The following example downloads all of the files in the folder myfolder/ in the Amazon S3 bucket named amzn-s3-demo-bucket to the DATA_PUMP_DIR directory. Use the p_s3_prefix parameter to specify the Amazon S3 folder. The uploaded files are compressed with GZIP, but aren't decompressed during the download.

SELECT rdsadmin.rdsadmin_s3_tasks.download_from_s3( p_bucket_name => 'amzn-s3-demo-bucket', p_s3_prefix => 'myfolder/', p_directory_name => 'DATA_PUMP_DIR', p_decompression_format => 'NONE') AS TASK_ID FROM DUAL;

The following example downloads the file mydumpfile.dmp in the Amazon S3 bucket named amzn-s3-demo-bucket to the DATA_PUMP_DIR directory. No decompression is applied.
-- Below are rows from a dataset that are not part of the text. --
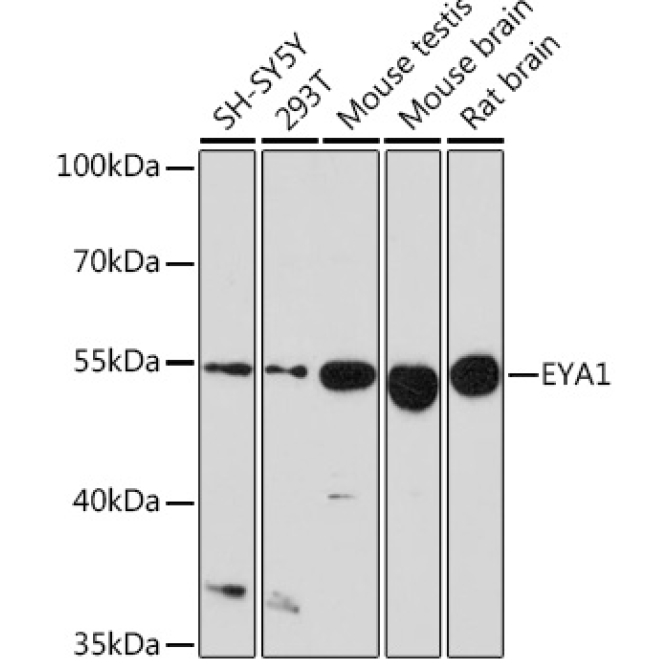 EYA1 Rabbit Polyclonal Antibody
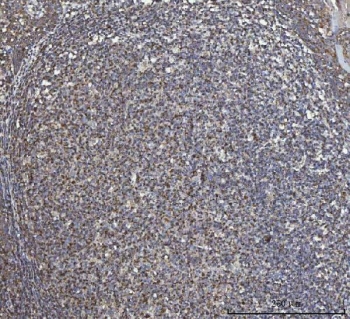 IHC staining of FFPE human tonsil tissue with TOMM20 antibody. HIER: boil tissue sections in pH8 EDTA for 20 min and allow to cool before testing.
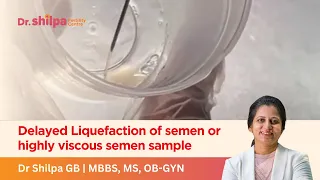 Delayed Liquefaction of semen or highly viscous semen sample Dr Shilpa GB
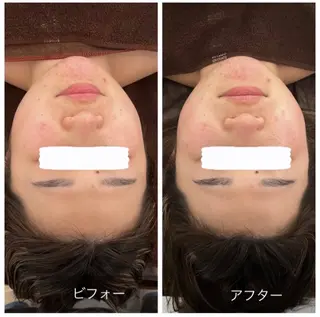 Relaxsalon undoのエステ・リラクイメージ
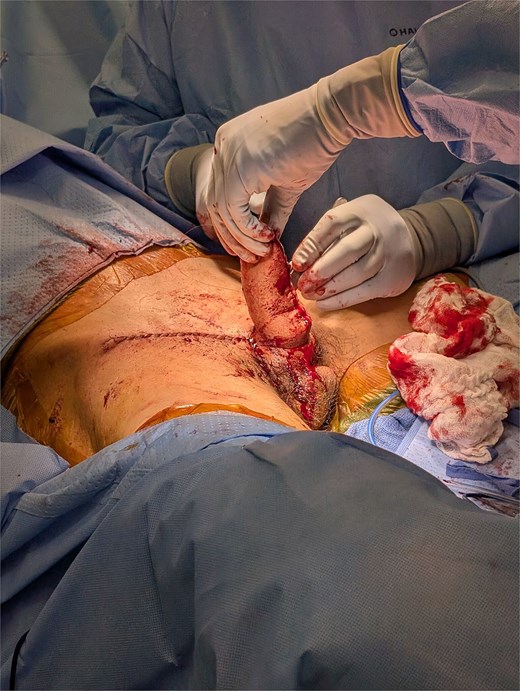 Intraoperative results.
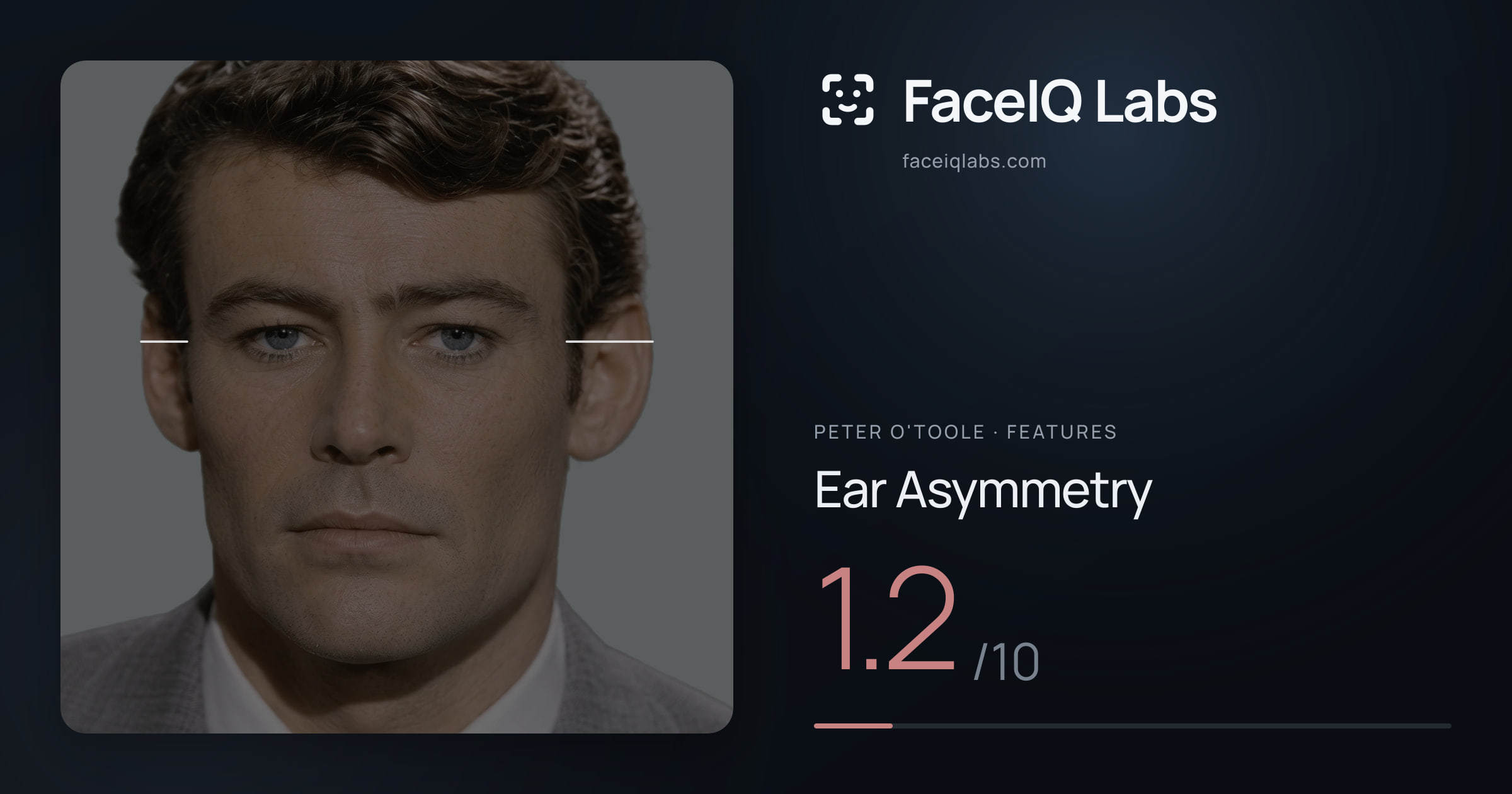 Peter O'Toole Ear Asymmetry: 1.2/10, drawn on the photo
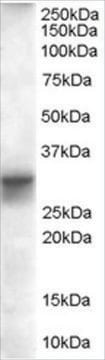 Anti-SLIMMER/FHL1 Isoform B antibody produced in goat affinity isolated antibody, buffered aqueous solution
SELECT rdsadmin.rdsadmin_s3_tasks.download_from_s3( p_bucket_name => 'amzn-s3-demo-bucket', p_s3_prefix => 'mydumpfile.dmp', p_directory_name => 'DATA_PUMP_DIR') AS TASK_ID FROM DUAL;

In each example, the SELECT statement returns the ID of the task in a VARCHAR2 data type.

You can view the result by displaying the task's output file.
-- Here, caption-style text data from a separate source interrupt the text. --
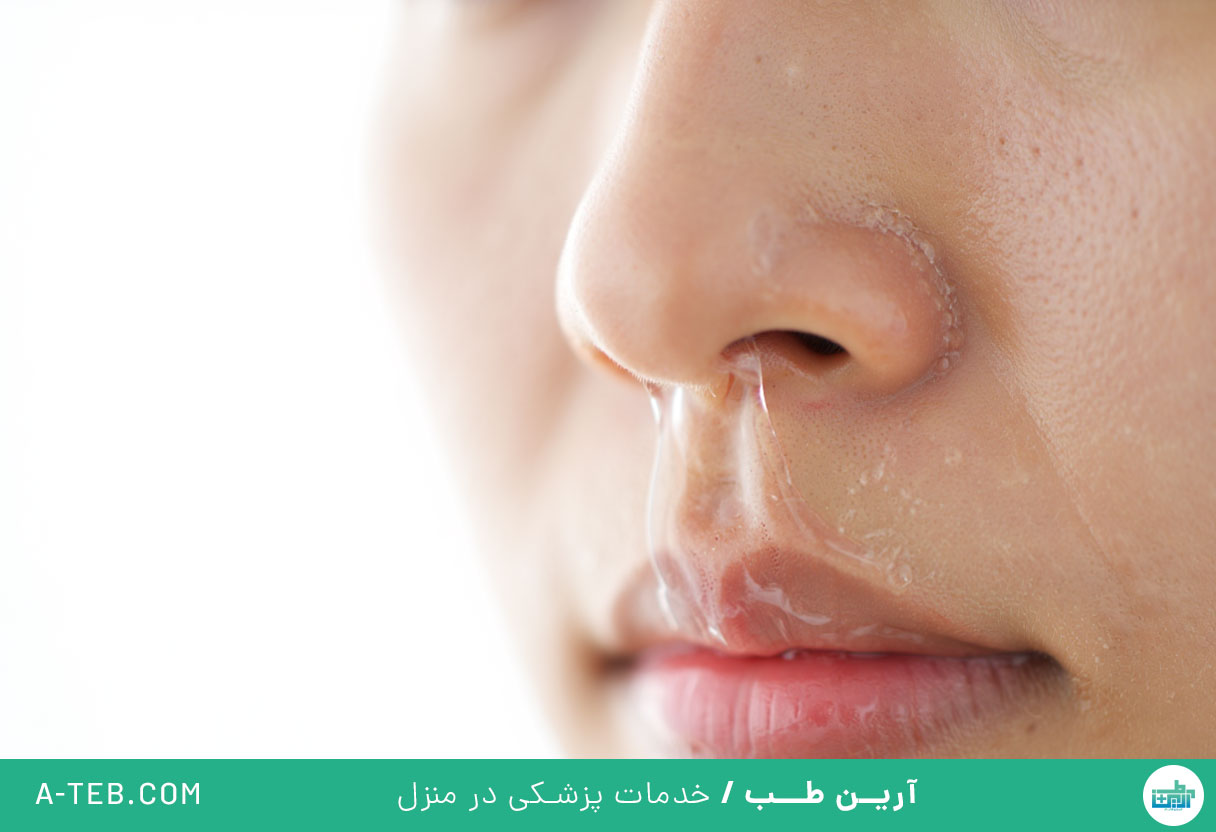 آبریزش بینی
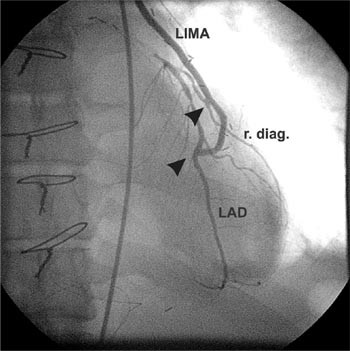 Figur 2   Sekvensanastomose: venstre a. mammaria (LIMA) er sydd side-til-side til ramus diagonalis (r. diag.) og deretter&hellip;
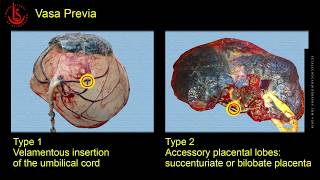 Vasa Previa Ultrasound Diagnosis [upl. by Berti891]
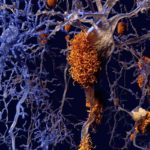 Ученые нашли факторы риска болезни Альцгеймера за пределами мозга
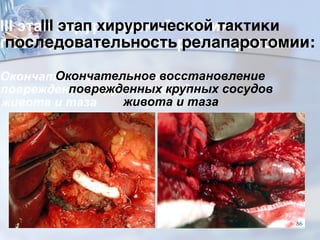 III этап хирургической тактики  
последовательность релапаротомии:
Окончательное восстановление
поврежденных крупных сосудов
живота и таза
86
SELECT text FROM table(rdsadmin.rds_file_util.read_text_file('BDUMP','dbtask-task-id.log'));

Replace task-id with the task ID returned by the procedure.

Note

Tasks are executed asynchronously.

You can use the UTL_FILE.FREMOVE Oracle procedure to remove files from a directory. For more information, see FREMOVE procedure in the Oracle documentation.

Monitoring the status of a file transfer

File transfer tasks publish Amazon RDS events when they start and when they complete. The event message contains the task ID for the file transfer. For information about viewing events, see Viewing Amazon RDS events.
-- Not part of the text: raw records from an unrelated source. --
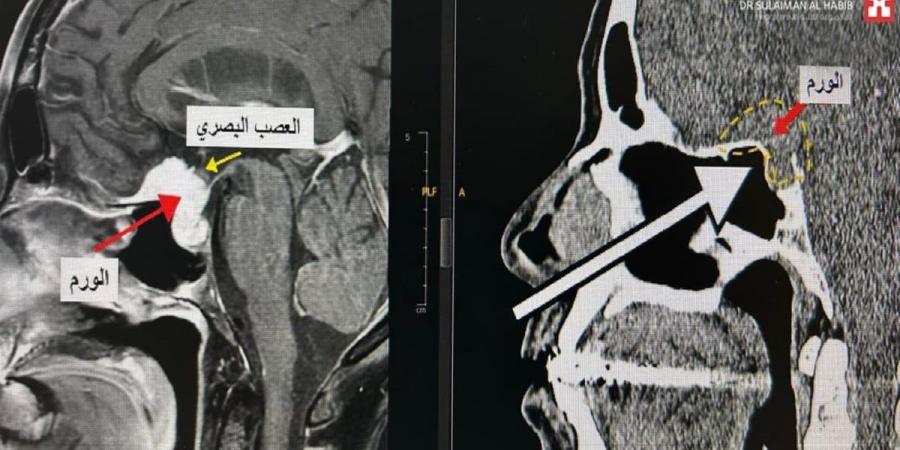 مستشفى الدكتور سليمان الحبيب بالفيحاء في جدة يُنهي معاناة ستينية مع ورم دماغي بقاع الجمجمة - عرب بريس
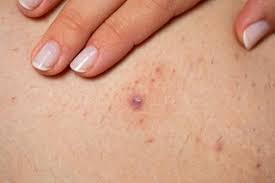 One of the common ways of getting an infected ingrown hair cyst is through touching, picking, pricking or tweezing using dirty sharp objects. Ingrown Hairs Nhs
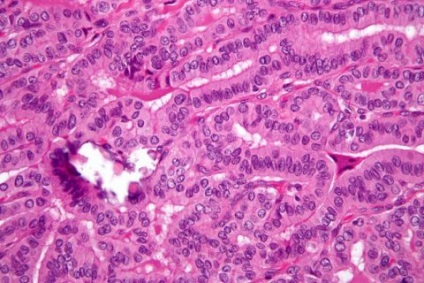 Pajzsmirigy carcinoma korai tünetei változatai a tanfolyam és a prognózis a beteg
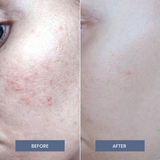 Easy on the Eyes Calming Face Mist with Hypochlorous Acid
You can view the status of an ongoing task in a bdump file. The bdump files are located in the /rdsdbdata/log/trace directory. Each bdump file name is in the following format.

dbtask-task-id.log

Replace task-id with the ID of the task that you want to monitor.

Note

Tasks are executed asynchronously.

You can use the rdsadmin.rds_file_util.read_text_file stored procedure to view the contents of bdump files. For example, the following query returns the contents of the dbtask-1234567890123-1234.log bdump file.

SELECT text FROM table(rdsadmin.rds_file_util.read_text_file('BDUMP','dbtask-1234567890123-1234.log'));

The following sample shows the log file for a failed transfer.

TASK_ID -------------------------------------------------------------------------------------------------------------------------------------------------------------------------------------------------------------------------------------------------------------------------------------------------------------------------------------------------------------------------------------------------------------------------------------------------------------------------------------------------------------------------------------------------------------------------------------------------------------------------------------------------------------------------------------------------------------------------------------------------------------------------------------------------------------------------------- 1234567890123-1234 TEXT -------------------------------------------------------------------------------------------------------------------------------------------------------------------------------------------------------------------------------------------------------------------------------------------------------------------------------------------------------------------------------------------------------------------------------------------------------------------------------------------------------------------------------------------------------------------------------------------------------------------------------------------------------------------------------------------------------------------------------------------------------------------------------------------------------------------------------- 2023-04-17 18:21:33.993 UTC [INFO ] File #1: Uploading the file /rdsdbdata/datapump/A123B4CDEF567890G1234567890H1234/sample.dmp to Amazon S3 with bucket name amzn-s3-demo-bucket and key sample.dmp. 2023-04-17 18:21:34.188 UTC [ERROR] RDS doesn't have permission to write to Amazon S3 bucket name amzn-s3-demo-bucket and key sample.dmp. 2023-04-17 18:21:34.189 UTC [INFO ] The task failed.